Forwood explained that one of the attractions of gold stock was that gold is “within the realms for a one project junior company to explore and develop as it does not involve billions of dollars of capex, generally.’’

He said Lowell was increasing its exposure to copper.

“There are a number of interesting companies that we’ve put some money in to recently. One of them that has performed well is Caravel (CVV). It has got a large low-grade project in Western Australia’s wheatbelt.’’

“We got in there at 4c thinking that if the copper price does run this has got great leverage to the copper price. Now it is trading at 53c, so that thesis worked out really well.’’

“We’ve been in Hot Chili (HCH) for a number of years. They have been growing the resource (at its Cortadera copper-gold discovery in Chile) but the stock has been going sideways as there is a possible cap on their share price until they pay their final acquisition payment on the project next year.’’

“We have also been topping up on Middle Island (ASX:MDI) because we like the potential for a discovery in the emerging Barkly copper province in the NT.’’

“That sort of potential is what the market really likes at the moment. If a company can say it has got 100% of a project area in a new province, and there is good chance of it making a discovery, the sky is the limit in terms share price potential,’’ Forwood said.

“An investment in Mithril (ASX:MTH) is a fairly recent one for us (it’s a gold-silver explorer in Mexico).

“We like it because the team has been operating in Mexico for many years and have had a lot of success. And unlike the Canadian market, it is hard to find a good silver stock on the ASX.’’

“And we think the potential for the silver price is as good, if not better, than gold,’’ Forwood said.

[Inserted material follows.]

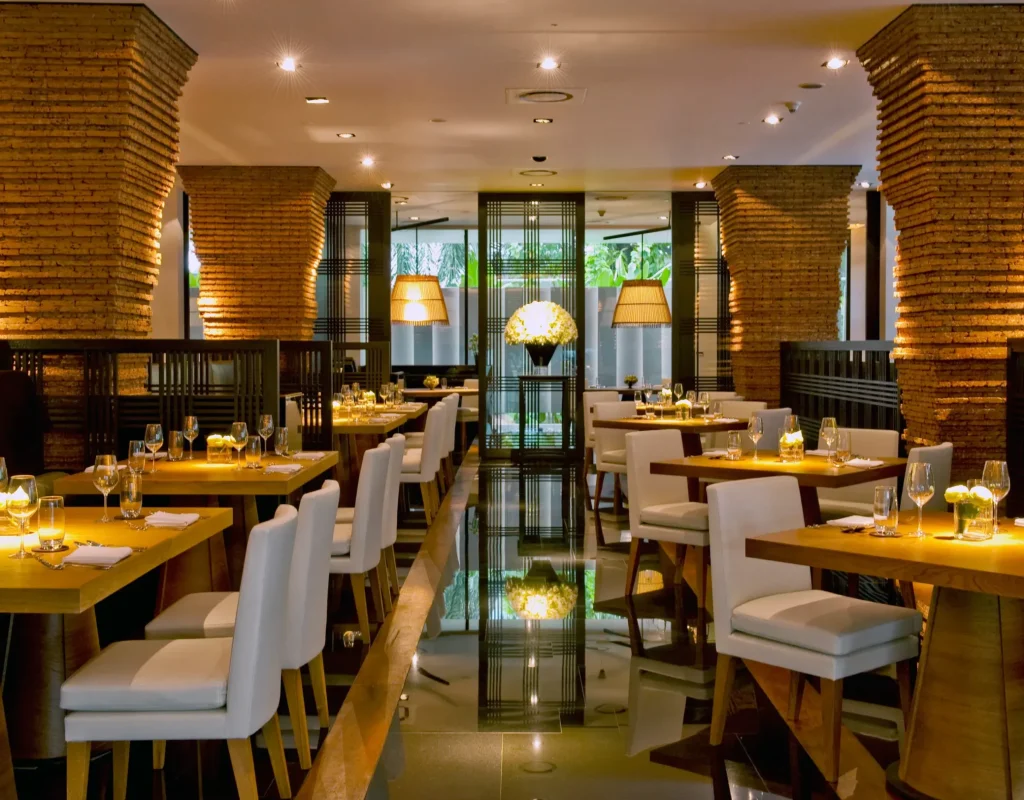 Nebraska Elite Cleaning providing professional office cleaning in Valley, NE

He said the fund has also got its toe in the water with the ASX-listed Newfoundland gold explorer, Matador (MZZ).

“It has a great ground position. Most of the other players there are Canadian-listed. Some of them have made good discoveries and enjoy billion dollar market caps.’’

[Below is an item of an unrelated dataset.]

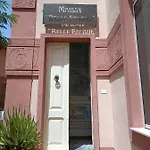 Maison Belle Epoque & With Pool Lägenhet Oristano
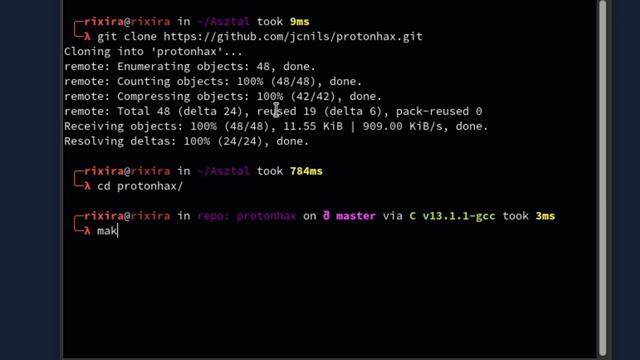 ELDEN RING Easy Anti Cheat (EAC) ONLINE BYPASS General Guide (Linux version) смотреть онлайн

“Matador has a sub-$100m market cap and is well funded to explore along a 120km shear zone. It is mostly covered by glacial till which they have poking through. It would be very surprising if they didn’t turn up some more discoveries.’’

And finally, just to note that because the fund is a listed investment trust rather than a listed investment company, it must distribute all of its taxable profits to unitholders annually, calculated at June 30 each year.

Garimpeiro doesn’t know what it will be this year. But its investments in the junior space have had a big year.